What you will do
Transcribe the data that follows without changing a word, and omit the pictures.

Exercise materials

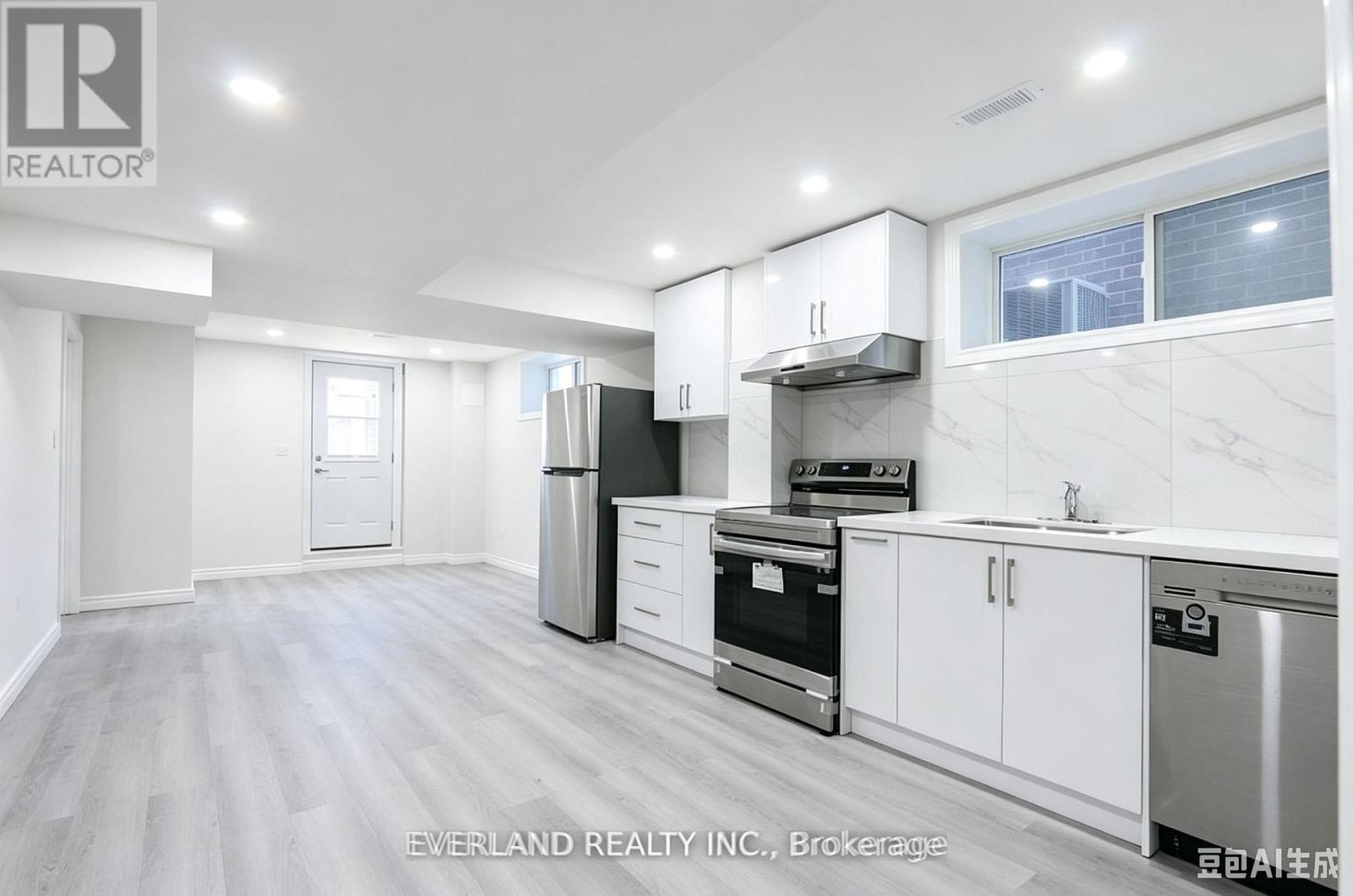 21 Kenneth Ross Bend, East Gwillimbury, Ontario  L9N 0T7 - Photo 13 - N13739434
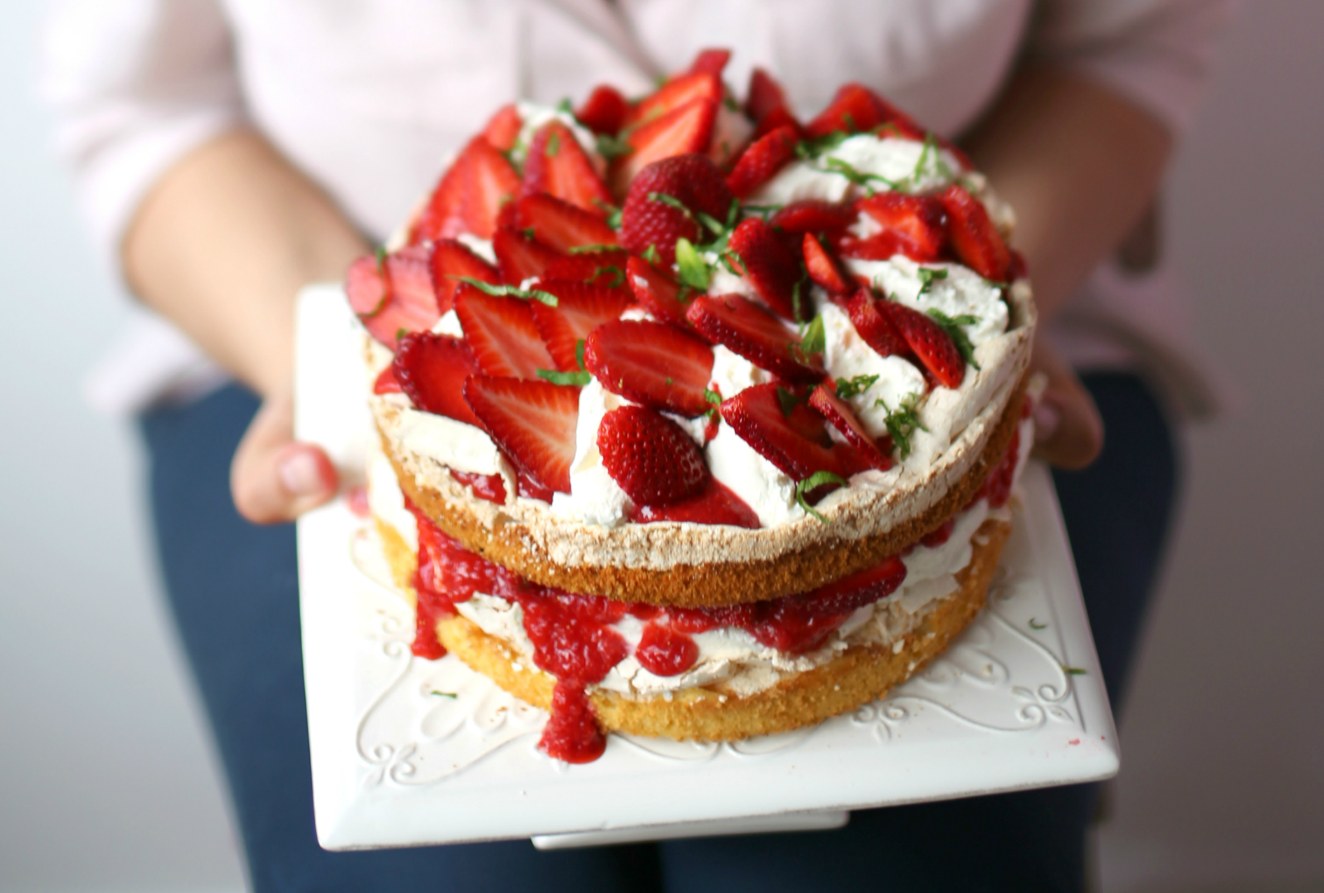 Lengvas kaip pūkas braškių tortas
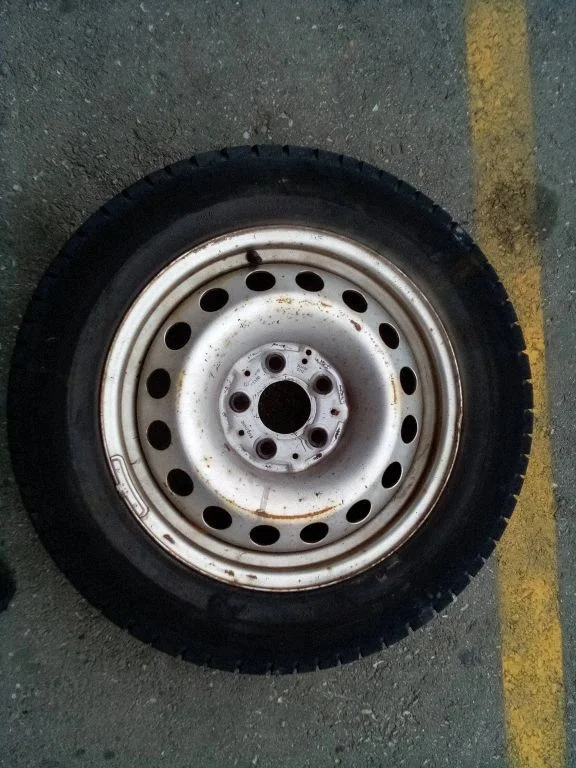 R16 plieninis štampuotas ratlankis (-iai)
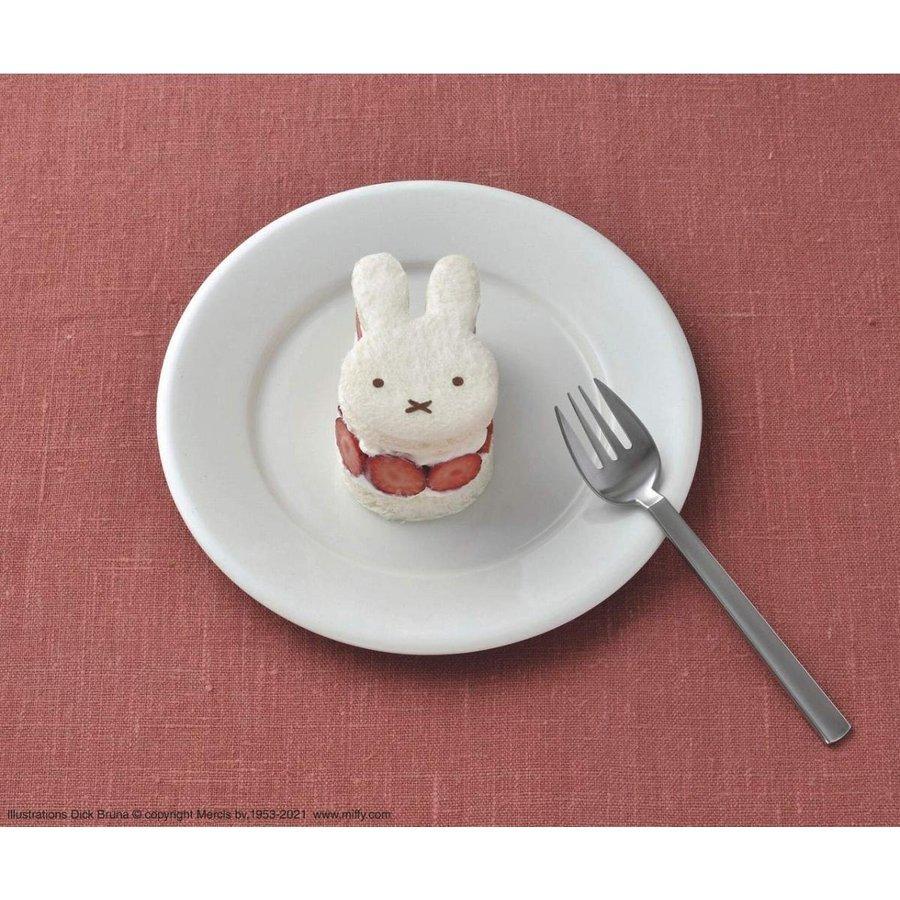 新品 セルクルamp ステンシルつきでもっとかんたん かわいい ミッフィーのカフェレシピ Book 送料無料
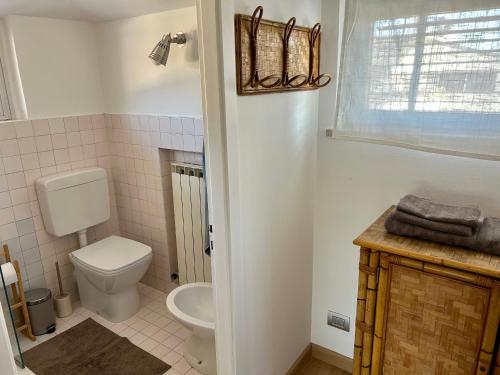 a bathroom with a toilet and a sink at La Terrazza in Piobesi dʼAlba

Finished task
 21 Kenneth Ross Bend, East Gwillimbury, Ontario  L9N 0T7 - Photo 13 - N13739434
 Lengvas kaip pūkas braškių tortas
 R16 plieninis štampuotas ratlankis (-iai)
 新品 セルクルamp ステンシルつきでもっとかんたん かわいい ミッフィーのカフェレシピ Book 送料無料
 a bathroom with a toilet and a sink at La Terrazza in Piobesi dʼAlba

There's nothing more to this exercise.